Write exactly, with no line omitted or added, the span beginning at the line that holds "Staedtler 180J 22" and ending at the last line of the records.

========================

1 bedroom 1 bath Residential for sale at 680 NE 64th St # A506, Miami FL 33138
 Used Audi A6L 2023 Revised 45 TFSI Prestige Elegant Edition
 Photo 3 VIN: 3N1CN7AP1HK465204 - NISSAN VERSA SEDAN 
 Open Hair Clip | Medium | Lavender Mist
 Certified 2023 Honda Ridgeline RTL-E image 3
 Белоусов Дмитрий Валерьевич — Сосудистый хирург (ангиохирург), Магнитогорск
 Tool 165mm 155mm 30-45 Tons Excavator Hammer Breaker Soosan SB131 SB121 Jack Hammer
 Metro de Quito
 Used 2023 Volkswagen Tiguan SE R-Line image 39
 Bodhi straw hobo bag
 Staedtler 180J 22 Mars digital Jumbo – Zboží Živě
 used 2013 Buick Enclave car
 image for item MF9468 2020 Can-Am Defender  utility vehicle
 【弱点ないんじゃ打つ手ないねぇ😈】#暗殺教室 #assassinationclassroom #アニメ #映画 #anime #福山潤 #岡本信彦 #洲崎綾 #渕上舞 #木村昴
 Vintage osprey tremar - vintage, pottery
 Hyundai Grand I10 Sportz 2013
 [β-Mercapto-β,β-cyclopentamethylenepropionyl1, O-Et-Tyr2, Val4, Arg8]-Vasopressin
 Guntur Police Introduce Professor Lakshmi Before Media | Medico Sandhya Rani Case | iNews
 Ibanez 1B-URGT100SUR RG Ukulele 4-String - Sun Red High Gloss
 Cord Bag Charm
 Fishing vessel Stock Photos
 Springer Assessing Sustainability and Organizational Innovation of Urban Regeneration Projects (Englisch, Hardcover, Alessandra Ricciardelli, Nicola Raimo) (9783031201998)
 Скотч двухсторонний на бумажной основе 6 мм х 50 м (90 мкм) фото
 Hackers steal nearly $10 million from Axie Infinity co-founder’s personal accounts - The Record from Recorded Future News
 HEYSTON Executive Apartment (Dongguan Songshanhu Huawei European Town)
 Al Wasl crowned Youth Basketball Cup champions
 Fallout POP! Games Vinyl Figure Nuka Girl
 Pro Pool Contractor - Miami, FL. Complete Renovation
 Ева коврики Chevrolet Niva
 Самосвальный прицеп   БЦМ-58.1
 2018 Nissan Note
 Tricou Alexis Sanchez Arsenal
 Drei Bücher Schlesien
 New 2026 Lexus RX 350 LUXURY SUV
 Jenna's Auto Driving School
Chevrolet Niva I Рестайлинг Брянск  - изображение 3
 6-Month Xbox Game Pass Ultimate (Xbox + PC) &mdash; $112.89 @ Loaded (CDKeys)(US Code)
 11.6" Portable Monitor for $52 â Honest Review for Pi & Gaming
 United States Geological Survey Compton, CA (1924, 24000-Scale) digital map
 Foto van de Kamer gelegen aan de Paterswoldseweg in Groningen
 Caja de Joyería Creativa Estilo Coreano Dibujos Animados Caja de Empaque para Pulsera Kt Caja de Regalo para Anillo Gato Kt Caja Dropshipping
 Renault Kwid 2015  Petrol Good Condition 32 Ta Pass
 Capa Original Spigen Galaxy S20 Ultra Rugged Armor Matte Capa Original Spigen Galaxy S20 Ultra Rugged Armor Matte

========================

# Answer section
 Staedtler 180J 22 Mars digital Jumbo – Zboží Živě
 used 2013 Buick Enclave car
 image for item MF9468 2020 Can-Am Defender  utility vehicle
 【弱点ないんじゃ打つ手ないねぇ😈】#暗殺教室 #assassinationclassroom #アニメ #映画 #anime #福山潤 #岡本信彦 #洲崎綾 #渕上舞 #木村昴
 Vintage osprey tremar - vintage, pottery
 Hyundai Grand I10 Sportz 2013
 [β-Mercapto-β,β-cyclopentamethylenepropionyl1, O-Et-Tyr2, Val4, Arg8]-Vasopressin
 Guntur Police Introduce Professor Lakshmi Before Media | Medico Sandhya Rani Case | iNews
 Ibanez 1B-URGT100SUR RG Ukulele 4-String - Sun Red High Gloss
 Cord Bag Charm
 Fishing vessel Stock Photos
 Springer Assessing Sustainability and Organizational Innovation of Urban Regeneration Projects (Englisch, Hardcover, Alessandra Ricciardelli, Nicola Raimo) (9783031201998)
 Скотч двухсторонний на бумажной основе 6 мм х 50 м (90 мкм) фото
 Hackers steal nearly $10 million from Axie Infinity co-founder’s personal accounts - The Record from Recorded Future News
 HEYSTON Executive Apartment (Dongguan Songshanhu Huawei European Town)
 Al Wasl crowned Youth Basketball Cup champions
 Fallout POP! Games Vinyl Figure Nuka Girl
 Pro Pool Contractor - Miami, FL. Complete Renovation
 Ева коврики Chevrolet Niva
 Самосвальный прицеп   БЦМ-58.1
 2018 Nissan Note
 Tricou Alexis Sanchez Arsenal
 Drei Bücher Schlesien
 New 2026 Lexus RX 350 LUXURY SUV
 Jenna's Auto Driving School
Chevrolet Niva I Рестайлинг Брянск  - изображение 3
 6-Month Xbox Game Pass Ultimate (Xbox + PC) &mdash; $112.89 @ Loaded (CDKeys)(US Code)
 11.6" Portable Monitor for $52 â Honest Review for Pi & Gaming
 United States Geological Survey Compton, CA (1924, 24000-Scale) digital map
 Foto van de Kamer gelegen aan de Paterswoldseweg in Groningen
 Caja de Joyería Creativa Estilo Coreano Dibujos Animados Caja de Empaque para Pulsera Kt Caja de Regalo para Anillo Gato Kt Caja Dropshipping
 Renault Kwid 2015  Petrol Good Condition 32 Ta Pass
 Capa Original Spigen Galaxy S20 Ultra Rugged Armor Matte Capa Original Spigen Galaxy S20 Ultra Rugged Armor Matte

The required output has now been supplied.